Parmi les données recueillies, notons déjà plusieurs bandes magnétiques datant parfois des années 1970. « Outre l’idée de rassembler les données et de les rendre accessibles, il est important d’agir pour leur préservation et leur pérennisation en les numérisant. »

« Cela nous permet de voir comment certains usages et traits de prononciation ont évolué au cours des années », ajoute M. Remysen qui espère intéresser les gens du milieu de l’éducation et de la francisation avec cette plateforme numérique qui sera lancée au cours de l’année 2022.

Jumelage linguistique

Par ailleurs, cette initiative qui tend à valoriser et à mettre en lumière la richesse et la diversité du français en contexte québécois s’ajoute à d’autres mises en place par le professeur Remysen au cours des dernières années.
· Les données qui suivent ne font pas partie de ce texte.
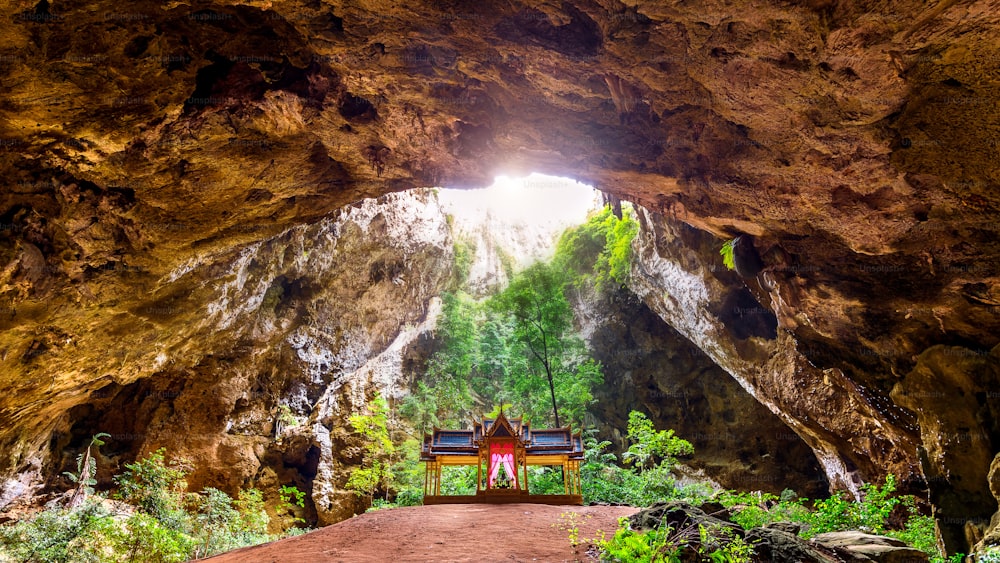 Phrayanakorn-Höhle in der Provinz Prachuap Khiri Khan, Thailand.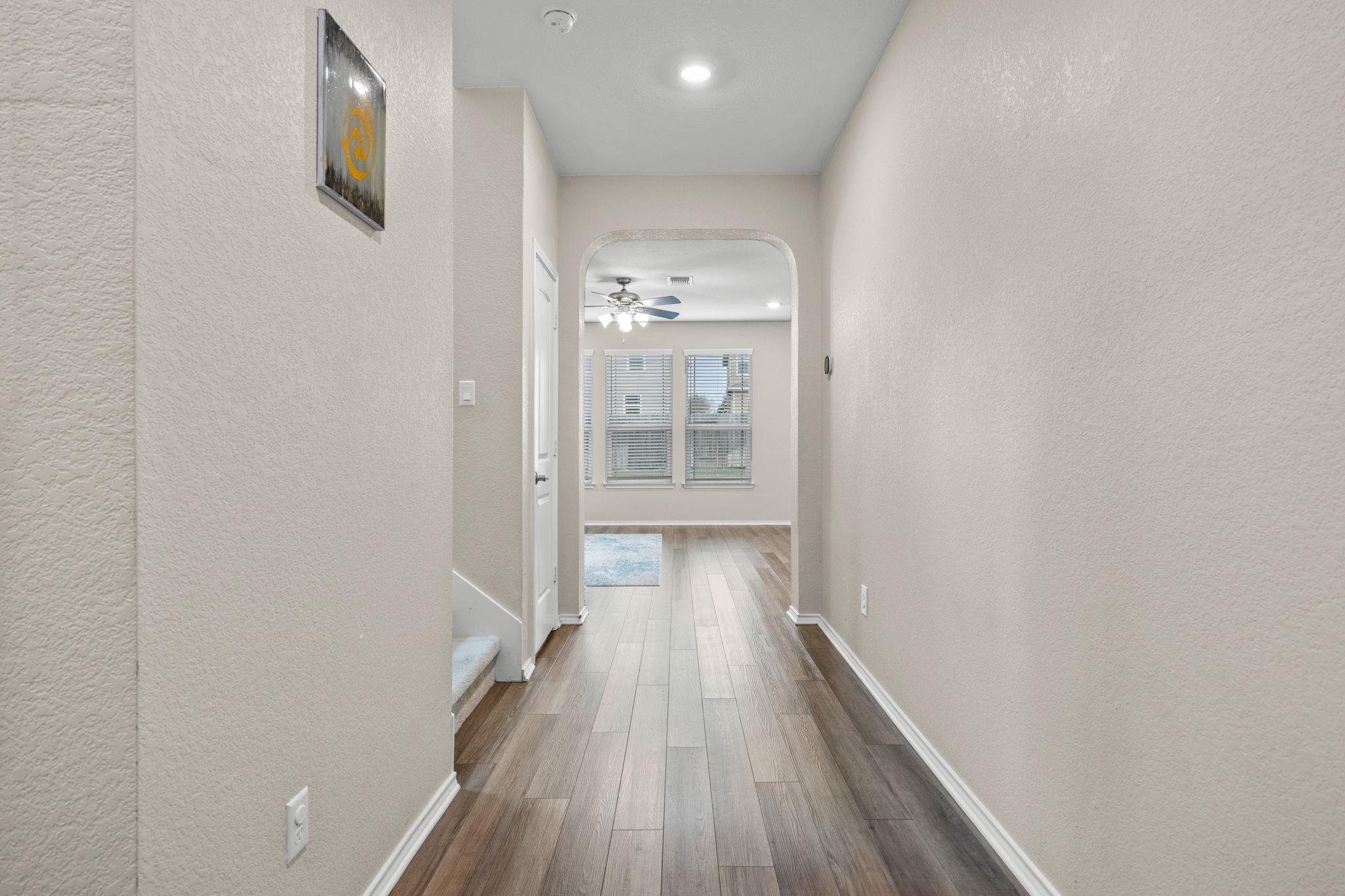 125 Danablu Dr, Hutto, TX 78634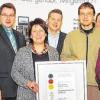 Ausgezeichnet: Die Genossenschaft „Regional Versorgt“ ist Preisträger im Wettbewerb „Ausgezeichnete Orte im Land der Ideen“. Bei der Preisverleihung die beiden Vorstände Birgit Linke und Christine Krämer (Mitte von links) im Kreis der Ehrengäste und Laudatoren.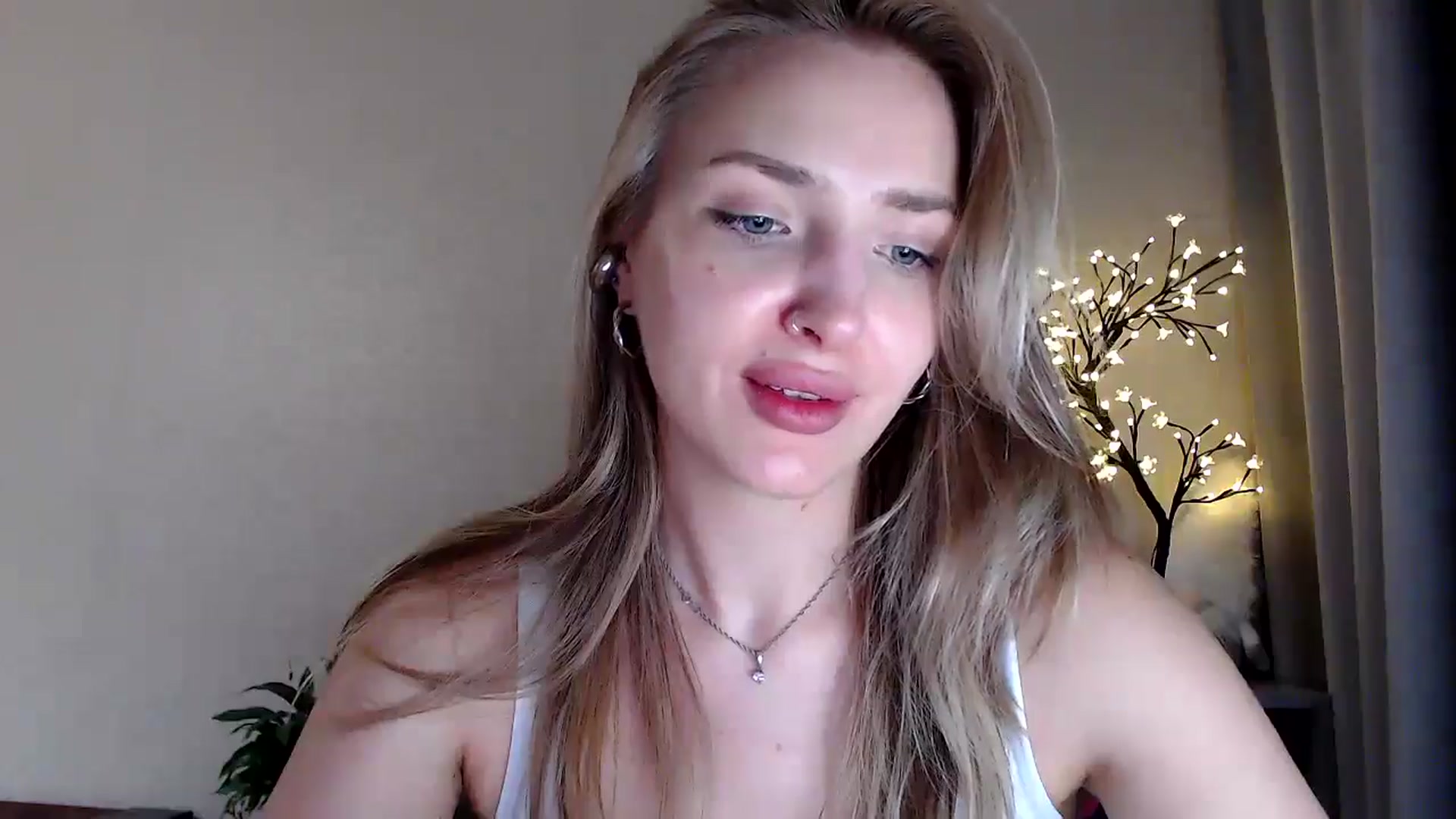 Gallery image thumbnail from Baby__Blue's myfreecams stream on, 07/28/2025, 22:14 image 11 of 20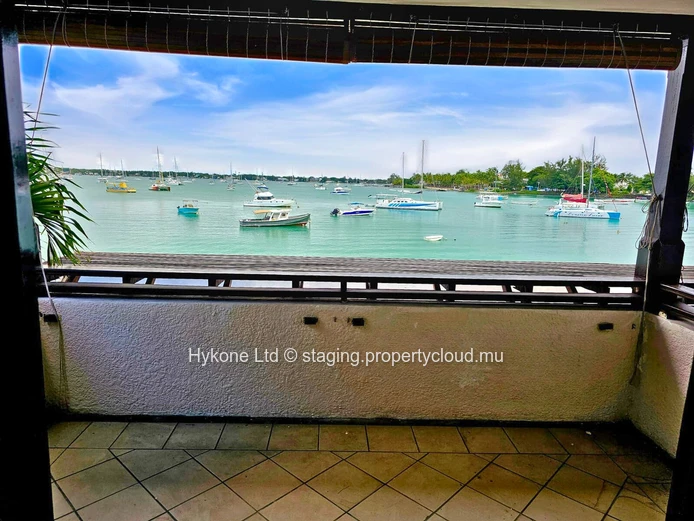 Appartement Pied Dans L'eau À Vendre À Grand Baie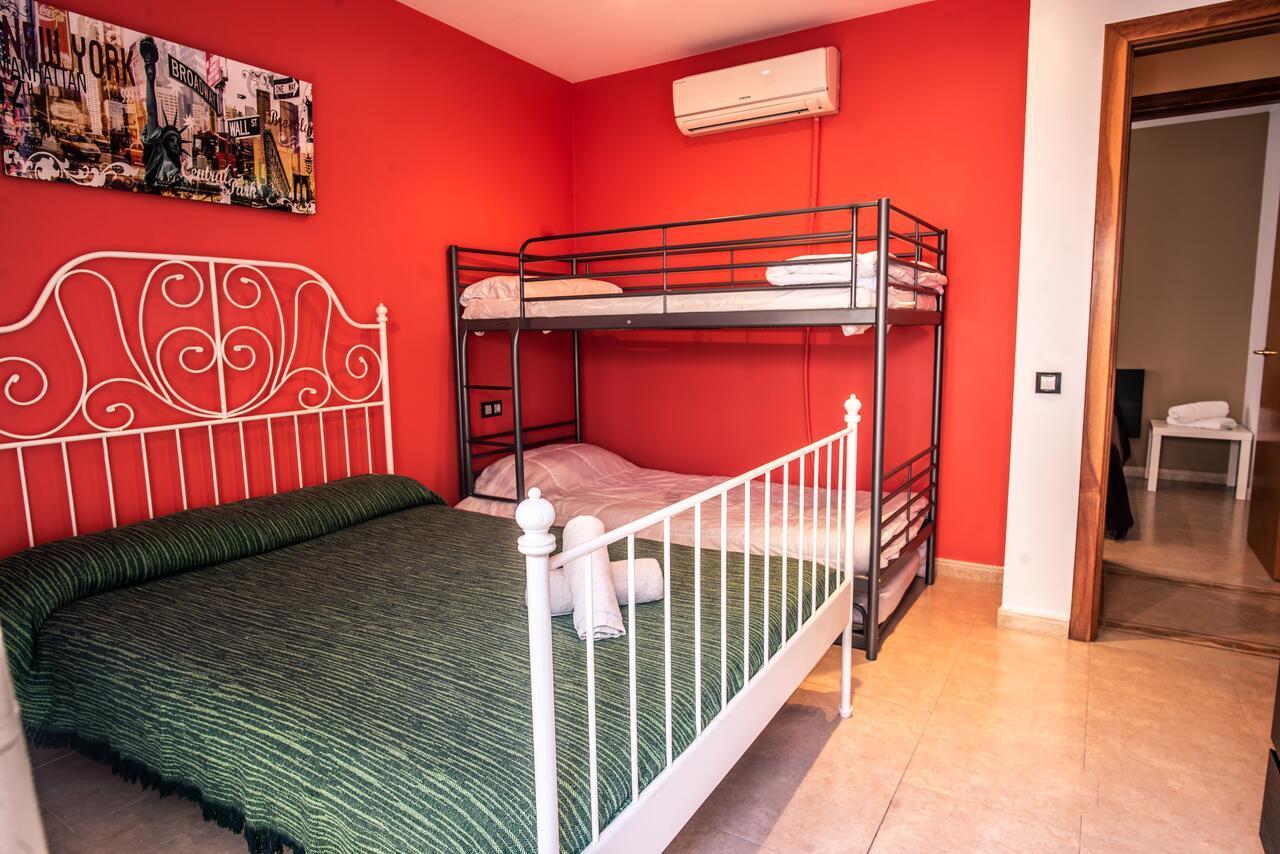 Apartaments Yaco Λορέτ Ντε Μαρ Εξωτερικό φωτογραφία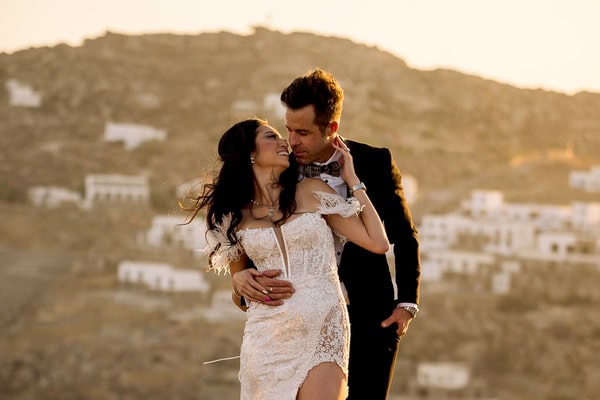 Ένας γάμος γεμάτος συναίσθημα στη Μύκονο  | Garrison & Samantha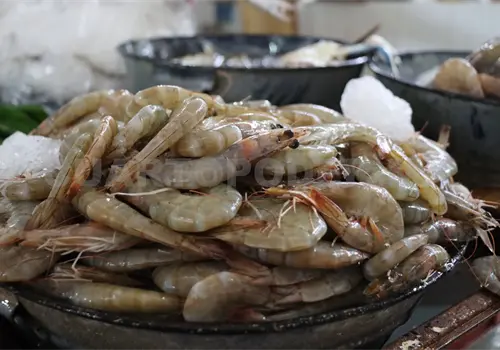 Reduce frente fr&iacute;o abasto de mariscos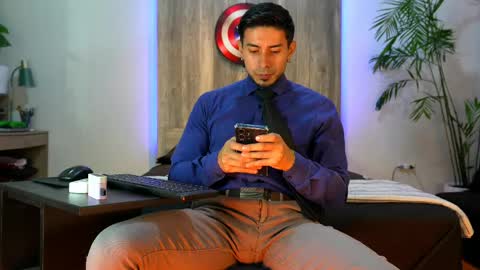 Andrew online show from 4, 6, 2026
Bien qu’il ait été mis sur la glace en raison de la pandémie de COVID-19, le programme J’apprends le français : jumelage linguistique, qui unit des étudiants de l’UdeS et des commerçants immigrants de Sherbrooke, semble en effet avoir porté ses fruits.

« Ce projet m’apporte beaucoup de satisfaction personnelle », confie celui qui parraine le programme de mentorat depuis 2018. « Ces jumelages linguistiques répondent à des besoins concrets et réels sur le terrain en matière de francisation. Ils permettent d’aider des gens. »

« Beaucoup de personnes immigrantes veulent apprendre, mais manquent de temps ou d’outils. L’objectif de ce programme, c’est d’aller vers eux et de les jumeler avec un étudiant qui pourra tenir compte des besoins réels. Ça peut vouloir dire travailler sur la prononciation ou encore sur le vocabulaire courant de certaines activités de travail. Ce sont de belles rencontres interculturelles », admet le professeur.

« Les étudiants impliqués font bien plus que de donner des cours de langues, poursuit-il. Ils deviennent des ambassadeurs du Québec qui peuvent expliquer certains aspects de notre société, de son organisation et de sa culture. Cela favorise l’intégration des nouveaux arrivants », constate le professeur.